Democrats are, after all, the ones who singlehandedly crafted and passed ObamaCare, including the requirement that mini-med plans spend at least 80 to 85 percent of their revenue from premiums on medical care, the purpose of which was “to prevent insurers from spending too much on executive salaries, marketing and other costs that [Democrats] said don’t directly help patients.” (Meanwhile, a 1988 study estimated that the government was spending 74 cents of every dollar budgeted for welfare on overhead — an amount that has almost certainly increased since then.) Neil Trautwein, a vice president at the National Retail Federation, told the Journal, “There is not any issuer of limited benefit coverage that could meet the enhanced [medical-loss ratio] standards” — the result being that, insurers told the newspaper, “dozens of other employers could find themselves in the same situation as McDonald’s,” as could colleges.
As noted above, McDonald’s is seeking an exemption from the medical-loss ratio requirement, reminding DHS in its memo that the federal government’s expansion of Medicaid and subsidies for health insurance don’t take effect until 2014, which means McDonald’s crew members could potentially end up uninsured for the next few years if the company is forced to drop its mini-med insurance. The feds passed the buck to the association of state insurance commissioners, which is currently drafting recommendations.

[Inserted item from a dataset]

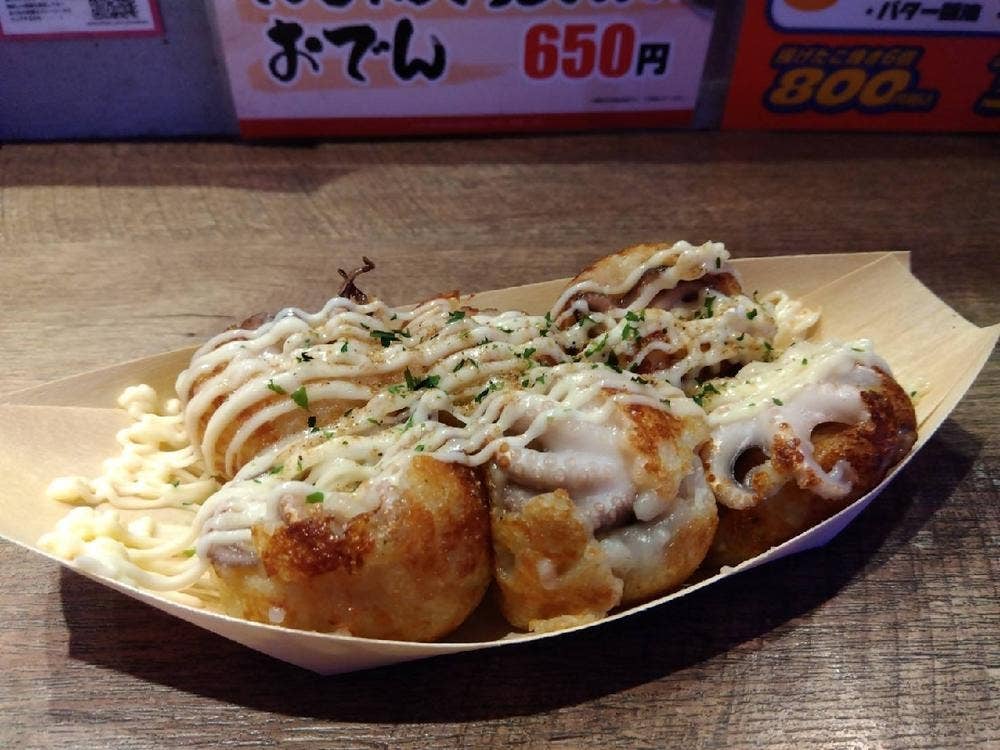 踊りだこ 心斎橋PARCO店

Kansas Insurance Commissioner Sandy Praeger, who heads the association’s health-insurance committee, is entirely unmoved by the plight of all those McDonald’s employees who may end up uninsured next year, saying “she doesn’t think these types of mini-med plans deserve an exemption,” according to the Journal. “If they are sold as comprehensive coverage, we expect them to meet the same [medical-loss ratio] standards as other health plans,” she said. So much for all these officials’ blather about how deeply they care for low-income persons such as those employed by fast-food joints.

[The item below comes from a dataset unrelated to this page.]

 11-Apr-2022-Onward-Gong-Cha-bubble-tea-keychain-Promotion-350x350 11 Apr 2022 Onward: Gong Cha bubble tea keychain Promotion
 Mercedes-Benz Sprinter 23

The more the unintended consequences of ObamaCare pile up, the more one could be forgiven for thinking they were intended, the ultimate goal being to destroy the private health-insurance industry and to force everyone into a single-payer government healthcare system, especially given that various members of the Obama administration, from Centers for Medicare and Medicaid Services chief Donald Berwick to the President himself, have expressed a desire to impose such a system on Americans. Whether or not the consequences were intended, this unconstitutional legislation is indeed having such an effect: The Journal reports that “benefit consultants anticipate that, by 2014, most employers will stop offering mini-med plans,” leaving many, if not most, of their employees fully dependent on government-subsidized health insurance.
ObamaCare, which super-sizes the federal government, is far worse for Americans’ health than anything served at McDonald’s. We deserve a break today: Repeal ObamaCare!